A Second World War Spitfire crashed after landing when its pilot pulled the wrong lever, an accident report has concluded.
The plane had successfully landed at East Midlands Airport and was taxiing off the runway when the experienced 46-year-old male flyer selected the handle to retract the landing gear, bringing the wheels up and ditching the aircraft on the ground.
The pilot's error on January 7 this year shut the runway in Derbyshire for more than two hours, with flights having to be diverted or delayed.
A report bulletin to the Air Accidents Investigation Branch (AAIB) read: "The pilot stated that he had intended to retract the flaps but inadvertently selected the undercarriage to the 'up' position.
"However, the handles for each mechanism are on opposite sides of the cockpit."
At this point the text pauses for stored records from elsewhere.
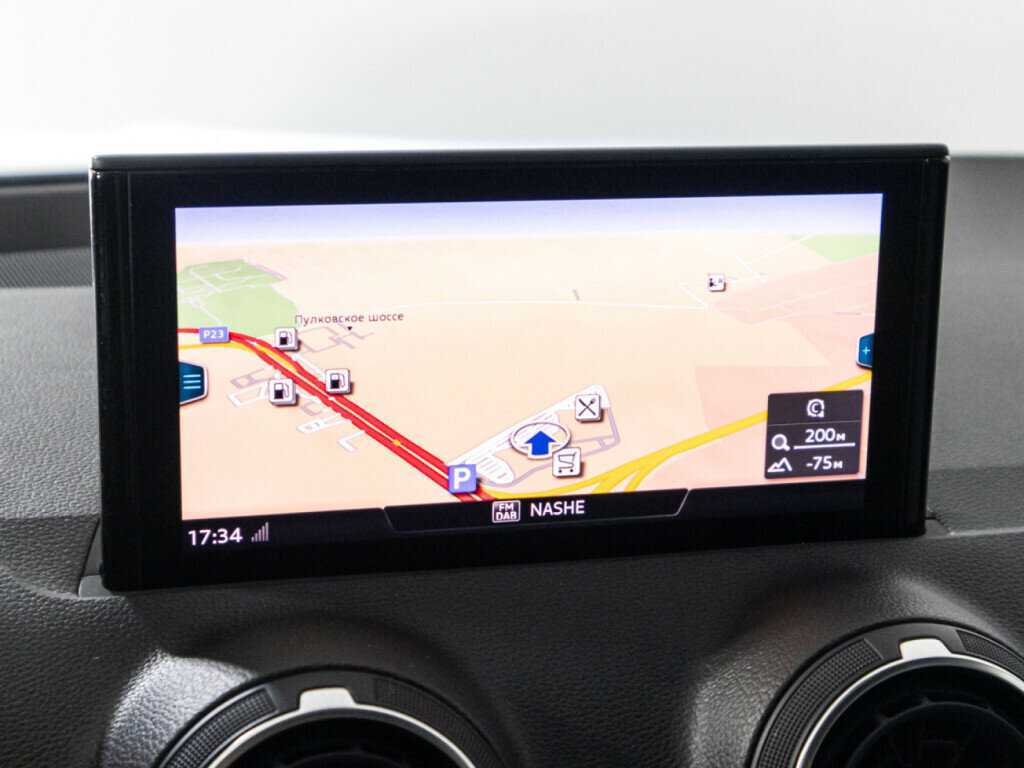 Audi Q2 35 TFSI, 2020 Фото №16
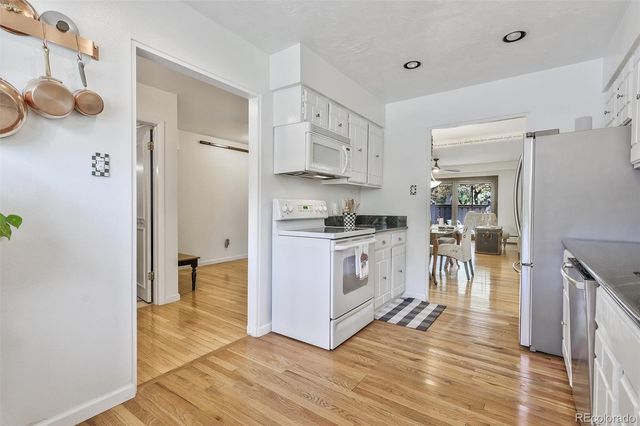 3538 S Ivanhoe Street, Denver, CO 80237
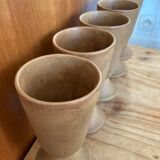 5 sandstone mazagrans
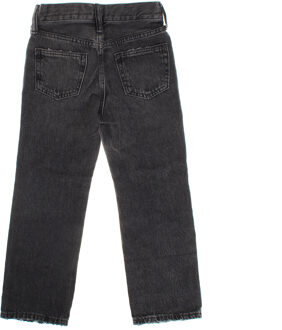 Rechte jeans 824576 kinderen - maat Grijs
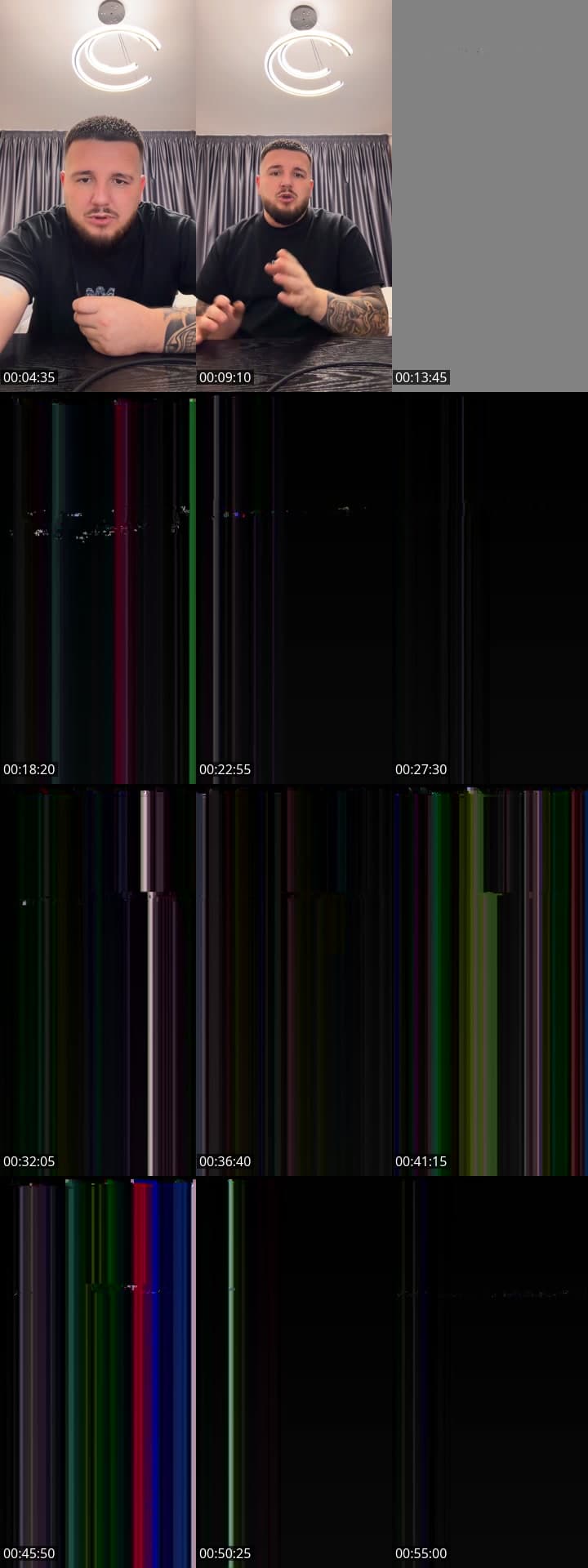 @greca99 TikTok live stream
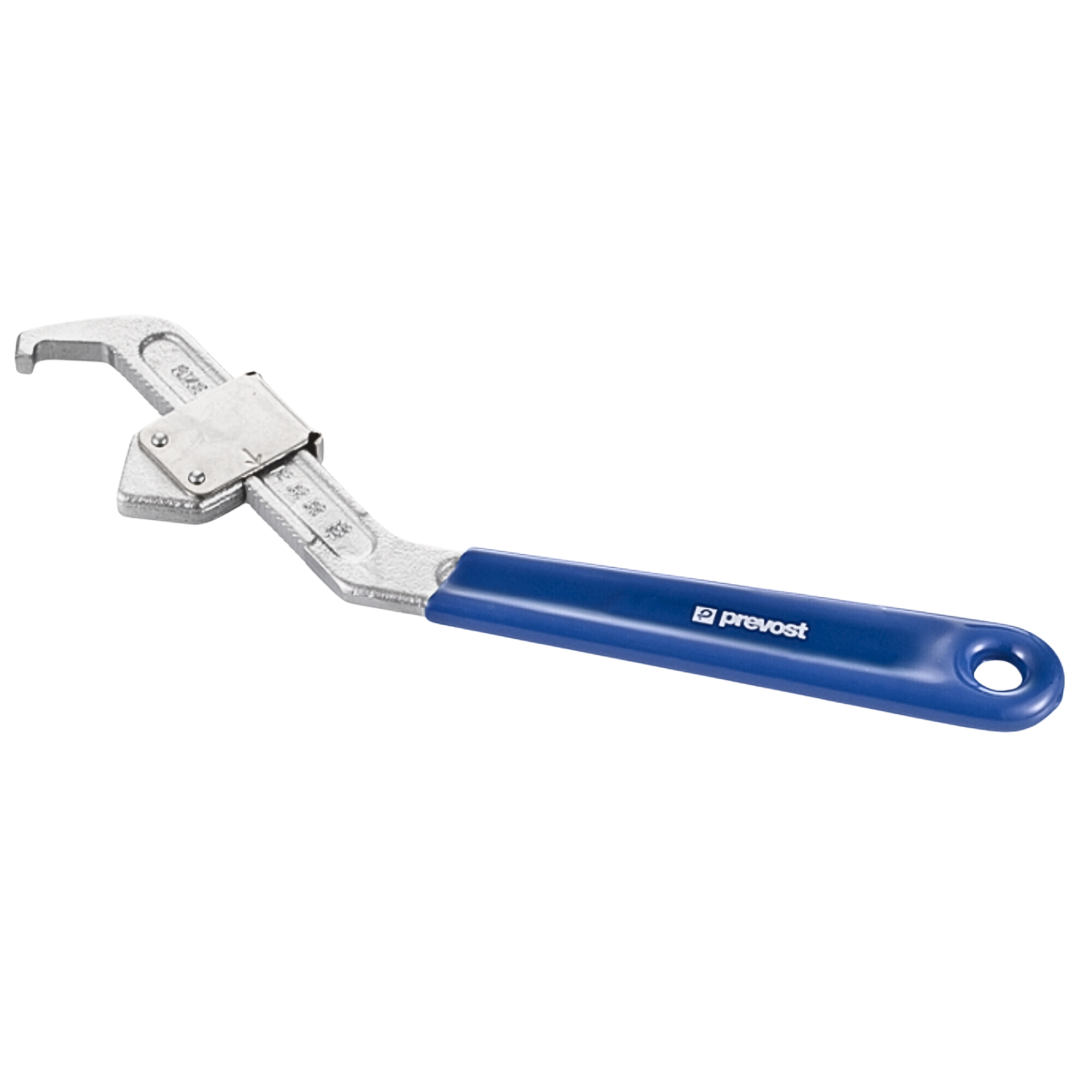 PPS CLESTD - Neutral hook spanner used on prevos1 product line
The pilot had more than 9,200 hours' flying experience, of which 89 hours were in this type of plane, according to the report.
The wooden propellor on the 1945-built Mark XIX aircraft shattered as the plane grounded, with the crash also damaging the left wing and parts of the engine housing.
Unlike modern aircraft, there is no fail-safe switch preventing the undercarriage wheels from being retracted once the aircraft has landed.
The plane, owned by Rolls-Royce and based at the airport, was flown in the war on reconnaissance missions but has more recently taken part in aerial displays.